Hi I'm working on a project for fun with the common crawl data I have a subset of the most current crawls warc file paths from here
so basically I have a url like https://commoncrawl.s3.amazonaws.com/crawl-data/CC-MAIN-2020-45/segments/1603107863364.0/warc/CC-MAIN-20201019145901-20201019175901-00000.warc.gz (the first url in the warc paths) and I am streaming in the request like so:
s = requests.Session()
resp = s.get(url, headers=headers, stream=True)
print(resp.status_code)
for line in stream_gzip_decompress(resp):
print(line.decode('utf-8'))
def stream_gzip_decompress(stream):
dec = zlib.decompressobj( 32+ zlib.MAX_WBITS) # offset 32 to skip the header
for chunk in stream:
rv = dec.decompress(chunk)
if rv:
yield rv
stream_gzip_decompress from Python unzipping stream of bytes?

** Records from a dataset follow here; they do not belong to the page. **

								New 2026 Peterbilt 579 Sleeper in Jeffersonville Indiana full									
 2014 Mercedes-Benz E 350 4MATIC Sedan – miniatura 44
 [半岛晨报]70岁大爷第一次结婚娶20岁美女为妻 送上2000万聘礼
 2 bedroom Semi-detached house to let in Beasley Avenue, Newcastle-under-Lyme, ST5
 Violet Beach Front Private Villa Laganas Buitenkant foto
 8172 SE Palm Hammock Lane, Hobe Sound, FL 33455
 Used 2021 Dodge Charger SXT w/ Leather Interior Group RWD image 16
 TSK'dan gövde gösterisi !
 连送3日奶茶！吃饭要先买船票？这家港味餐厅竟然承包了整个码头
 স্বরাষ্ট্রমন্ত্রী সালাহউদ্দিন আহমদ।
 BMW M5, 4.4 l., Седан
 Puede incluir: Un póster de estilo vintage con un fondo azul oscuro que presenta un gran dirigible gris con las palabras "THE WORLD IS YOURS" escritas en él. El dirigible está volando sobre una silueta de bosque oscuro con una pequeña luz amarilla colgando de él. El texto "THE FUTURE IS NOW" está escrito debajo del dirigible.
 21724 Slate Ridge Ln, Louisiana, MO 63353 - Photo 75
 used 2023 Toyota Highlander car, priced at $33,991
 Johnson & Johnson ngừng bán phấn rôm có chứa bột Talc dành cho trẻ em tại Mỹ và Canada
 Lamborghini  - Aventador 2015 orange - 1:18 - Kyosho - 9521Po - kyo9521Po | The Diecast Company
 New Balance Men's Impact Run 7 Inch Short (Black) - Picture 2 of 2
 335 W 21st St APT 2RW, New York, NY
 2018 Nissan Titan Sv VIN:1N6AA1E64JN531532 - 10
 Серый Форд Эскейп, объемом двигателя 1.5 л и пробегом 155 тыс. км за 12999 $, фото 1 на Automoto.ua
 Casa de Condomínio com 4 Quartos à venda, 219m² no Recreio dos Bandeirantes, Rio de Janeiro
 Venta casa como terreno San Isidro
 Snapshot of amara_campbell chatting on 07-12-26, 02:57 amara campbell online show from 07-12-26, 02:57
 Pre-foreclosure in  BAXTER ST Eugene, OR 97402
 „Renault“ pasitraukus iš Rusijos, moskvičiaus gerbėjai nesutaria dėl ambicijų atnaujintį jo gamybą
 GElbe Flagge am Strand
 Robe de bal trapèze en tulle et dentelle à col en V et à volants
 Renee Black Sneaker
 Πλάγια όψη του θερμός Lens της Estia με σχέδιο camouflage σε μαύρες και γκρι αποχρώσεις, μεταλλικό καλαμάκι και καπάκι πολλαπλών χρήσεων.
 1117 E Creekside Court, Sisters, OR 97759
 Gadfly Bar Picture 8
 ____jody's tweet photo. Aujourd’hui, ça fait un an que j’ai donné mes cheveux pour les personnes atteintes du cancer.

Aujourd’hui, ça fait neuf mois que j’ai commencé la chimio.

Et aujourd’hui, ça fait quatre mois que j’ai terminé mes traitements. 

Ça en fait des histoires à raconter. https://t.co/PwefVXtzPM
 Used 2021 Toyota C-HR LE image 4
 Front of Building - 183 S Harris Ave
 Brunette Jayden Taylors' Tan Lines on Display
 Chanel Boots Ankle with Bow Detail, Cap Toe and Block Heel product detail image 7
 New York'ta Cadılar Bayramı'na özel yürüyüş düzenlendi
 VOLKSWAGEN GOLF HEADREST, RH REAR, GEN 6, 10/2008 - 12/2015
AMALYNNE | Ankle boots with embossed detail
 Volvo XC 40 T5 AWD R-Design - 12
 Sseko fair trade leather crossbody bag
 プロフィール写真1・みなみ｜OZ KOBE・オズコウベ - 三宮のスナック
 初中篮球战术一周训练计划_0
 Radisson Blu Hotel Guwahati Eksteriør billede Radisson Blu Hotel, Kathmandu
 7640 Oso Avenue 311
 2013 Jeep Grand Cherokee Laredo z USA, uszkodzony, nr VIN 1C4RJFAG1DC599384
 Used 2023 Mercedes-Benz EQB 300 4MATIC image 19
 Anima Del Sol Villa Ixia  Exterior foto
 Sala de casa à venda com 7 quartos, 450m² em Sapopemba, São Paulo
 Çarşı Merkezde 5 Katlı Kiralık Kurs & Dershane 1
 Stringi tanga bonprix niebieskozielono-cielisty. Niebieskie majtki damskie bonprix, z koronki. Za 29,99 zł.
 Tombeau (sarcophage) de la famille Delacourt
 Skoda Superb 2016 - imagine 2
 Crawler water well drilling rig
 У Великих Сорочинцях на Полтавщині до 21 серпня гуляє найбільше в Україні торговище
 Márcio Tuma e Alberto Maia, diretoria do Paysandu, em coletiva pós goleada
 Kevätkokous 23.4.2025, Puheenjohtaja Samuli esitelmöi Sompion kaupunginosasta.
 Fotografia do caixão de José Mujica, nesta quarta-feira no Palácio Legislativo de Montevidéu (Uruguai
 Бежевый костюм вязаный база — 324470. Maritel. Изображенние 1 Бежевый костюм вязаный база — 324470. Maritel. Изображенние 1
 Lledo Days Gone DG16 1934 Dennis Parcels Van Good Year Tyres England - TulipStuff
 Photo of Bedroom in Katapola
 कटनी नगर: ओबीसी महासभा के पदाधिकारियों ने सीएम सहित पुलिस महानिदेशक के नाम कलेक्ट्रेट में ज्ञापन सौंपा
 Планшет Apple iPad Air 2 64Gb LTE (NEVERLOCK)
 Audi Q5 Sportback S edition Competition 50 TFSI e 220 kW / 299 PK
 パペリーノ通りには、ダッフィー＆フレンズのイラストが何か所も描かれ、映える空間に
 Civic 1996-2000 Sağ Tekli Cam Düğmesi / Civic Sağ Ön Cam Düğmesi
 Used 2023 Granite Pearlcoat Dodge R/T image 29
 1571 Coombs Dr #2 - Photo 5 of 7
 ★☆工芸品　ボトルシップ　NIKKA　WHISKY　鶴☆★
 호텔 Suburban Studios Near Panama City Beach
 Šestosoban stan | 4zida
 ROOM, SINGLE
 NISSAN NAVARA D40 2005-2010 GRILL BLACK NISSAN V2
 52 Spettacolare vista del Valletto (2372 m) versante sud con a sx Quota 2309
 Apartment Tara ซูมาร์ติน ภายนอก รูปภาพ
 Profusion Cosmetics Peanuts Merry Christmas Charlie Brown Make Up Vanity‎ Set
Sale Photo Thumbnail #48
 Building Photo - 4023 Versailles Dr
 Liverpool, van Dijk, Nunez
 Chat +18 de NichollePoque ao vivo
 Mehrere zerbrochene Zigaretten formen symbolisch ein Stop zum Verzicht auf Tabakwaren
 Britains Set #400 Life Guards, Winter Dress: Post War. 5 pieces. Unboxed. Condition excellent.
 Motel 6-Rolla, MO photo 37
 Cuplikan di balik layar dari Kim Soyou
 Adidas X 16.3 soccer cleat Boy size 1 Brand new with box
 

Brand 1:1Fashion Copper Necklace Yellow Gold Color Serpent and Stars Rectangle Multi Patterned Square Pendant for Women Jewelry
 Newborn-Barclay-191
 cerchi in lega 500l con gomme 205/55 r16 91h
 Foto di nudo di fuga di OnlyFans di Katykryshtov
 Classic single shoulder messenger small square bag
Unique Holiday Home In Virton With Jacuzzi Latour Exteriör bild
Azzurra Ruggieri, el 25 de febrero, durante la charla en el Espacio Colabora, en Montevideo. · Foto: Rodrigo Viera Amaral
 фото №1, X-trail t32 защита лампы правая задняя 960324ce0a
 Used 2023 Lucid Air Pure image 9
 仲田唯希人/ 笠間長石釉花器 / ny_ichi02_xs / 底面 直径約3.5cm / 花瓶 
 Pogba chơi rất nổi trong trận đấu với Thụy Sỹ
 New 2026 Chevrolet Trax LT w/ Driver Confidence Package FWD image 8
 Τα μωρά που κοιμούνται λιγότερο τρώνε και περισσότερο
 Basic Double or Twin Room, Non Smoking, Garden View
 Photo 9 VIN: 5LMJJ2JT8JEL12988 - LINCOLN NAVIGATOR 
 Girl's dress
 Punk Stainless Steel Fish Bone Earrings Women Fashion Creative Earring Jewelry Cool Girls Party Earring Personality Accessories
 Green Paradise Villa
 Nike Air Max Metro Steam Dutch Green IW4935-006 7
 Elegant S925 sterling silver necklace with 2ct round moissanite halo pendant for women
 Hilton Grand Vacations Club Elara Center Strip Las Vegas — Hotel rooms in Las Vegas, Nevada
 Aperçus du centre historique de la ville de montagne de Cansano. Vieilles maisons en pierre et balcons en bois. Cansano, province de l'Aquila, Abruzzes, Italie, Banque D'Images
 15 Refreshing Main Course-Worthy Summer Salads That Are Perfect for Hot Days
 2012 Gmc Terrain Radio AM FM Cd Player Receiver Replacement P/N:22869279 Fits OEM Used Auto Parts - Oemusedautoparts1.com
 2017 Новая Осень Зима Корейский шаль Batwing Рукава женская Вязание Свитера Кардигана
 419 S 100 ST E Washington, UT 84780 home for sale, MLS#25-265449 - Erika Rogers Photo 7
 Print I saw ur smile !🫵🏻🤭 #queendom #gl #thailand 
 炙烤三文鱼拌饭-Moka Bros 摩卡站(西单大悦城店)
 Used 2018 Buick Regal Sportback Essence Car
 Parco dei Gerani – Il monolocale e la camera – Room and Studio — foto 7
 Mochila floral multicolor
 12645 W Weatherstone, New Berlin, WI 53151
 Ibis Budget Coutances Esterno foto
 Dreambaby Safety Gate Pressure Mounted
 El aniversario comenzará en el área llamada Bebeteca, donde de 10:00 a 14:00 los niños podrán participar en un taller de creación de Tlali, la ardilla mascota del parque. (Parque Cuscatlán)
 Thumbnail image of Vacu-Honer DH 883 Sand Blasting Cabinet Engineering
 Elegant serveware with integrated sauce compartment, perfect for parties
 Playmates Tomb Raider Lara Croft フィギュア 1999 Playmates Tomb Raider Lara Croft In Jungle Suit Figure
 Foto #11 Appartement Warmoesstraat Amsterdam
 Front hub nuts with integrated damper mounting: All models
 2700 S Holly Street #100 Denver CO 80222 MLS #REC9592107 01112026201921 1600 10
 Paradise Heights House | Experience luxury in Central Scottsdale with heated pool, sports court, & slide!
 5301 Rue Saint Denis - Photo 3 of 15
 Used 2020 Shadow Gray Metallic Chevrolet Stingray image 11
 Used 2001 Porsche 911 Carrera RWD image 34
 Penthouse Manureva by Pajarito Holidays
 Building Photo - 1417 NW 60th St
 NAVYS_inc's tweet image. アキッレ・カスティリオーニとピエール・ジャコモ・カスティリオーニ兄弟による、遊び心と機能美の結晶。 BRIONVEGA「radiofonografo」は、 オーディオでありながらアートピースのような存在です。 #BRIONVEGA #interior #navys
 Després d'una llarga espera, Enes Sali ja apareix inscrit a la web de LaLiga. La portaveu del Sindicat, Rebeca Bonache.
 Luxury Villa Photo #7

The first three chunks seem to decompress fine and print out then the script just hangs forever (I only waited about 8 minutes. It seems to still be running through the chunks but gets caught on the if rv:
line so does not yield anything, but does seem to be streaming in bytes still.
Why not use a WARC parser library (I'd recommend warcio) to do the parsing including gzip decompression?
Alternatively, have a look at gzipstream to read from a stream of gzipped content and decompress the data on the fly.